Даже здесь, в Агрионте, висела легкая серая дымка, размывавшая здания в конце улицы. Пожары в дальних районах полыхали уже несколько дней, а гуркские обстрелы не ослабевали ни на йоту, ни ночью, ни днем. Даже когда Глокта шел по улице и его затрудненное дыхание на каждом шагу с присвистом прорывалось в щели между осколками оставшихся зубов, до него доносился приглушенный гул зажигательных бомб, падавших на город. Едва различимое содрогание земли чувствовалось сквозь подошвы его сапог.
Люди в переулке стояли неподвижно, в тревоге глядя вверх.
«Это несчастные, не сумевшие убежать из города до прихода гурков.
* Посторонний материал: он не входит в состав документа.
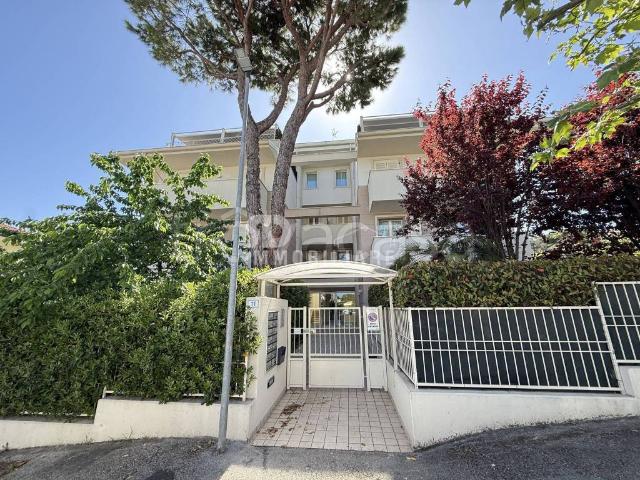 Trilocale in vendita a Riccione, Paese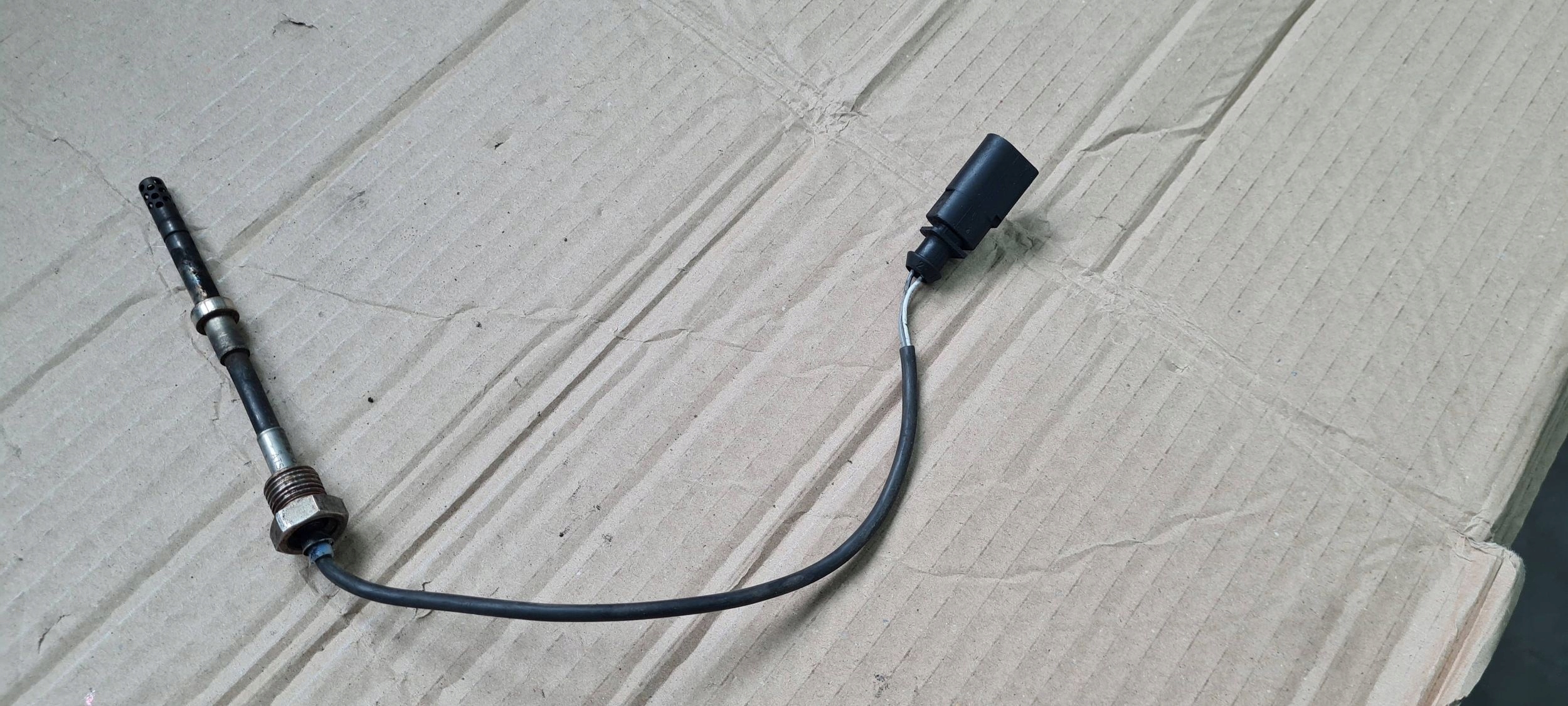 A5 8T Sensor TEMPERATURY Gase 2.0 TDI 03L906088D A4 B8 Q5 A6 C7 4G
Слишком важные или слишком ничтожные персоны. Горстка оптимистов, решивших, что осада пройдет, как гроза или мода на короткие брюки. Они поздно осознали свою чудовищную ошибку».
Глокта ковылял, опустив голову. Он не сомкнул глаз вовсе не из-за взрывов, грохотавших над городом ночами всю прошедшую неделю.
«Я не сомкнул глаз, потому что мысли мои вертелись по кругу, точно кошка, попавшая в мешок, когда она ищет выход из западни. К взрывам я привык еще со времен отдыха в прелестной Дагоске».
Куда больше его беспокоила боль, пронизывавшая его таз и идущая вверх по позвоночнику.
«О, высокомерие! Кто бы решился предположить, что сапоги гурков однажды будут топтать плодоносные поля Срединных земель? Что симпатичные фермы и сонные деревеньки Союза будут пылать в пожаре, разожженном гурками. Кто ожидал, что прекрасная благоденствующая Адуя превратится из уголка рая в адский огонь ада? — Глокта осознал, что он улыбается. — Милости просим! Милости просим! Я-то все время в аду. Как любезно с вашей стороны присоединиться ко мне».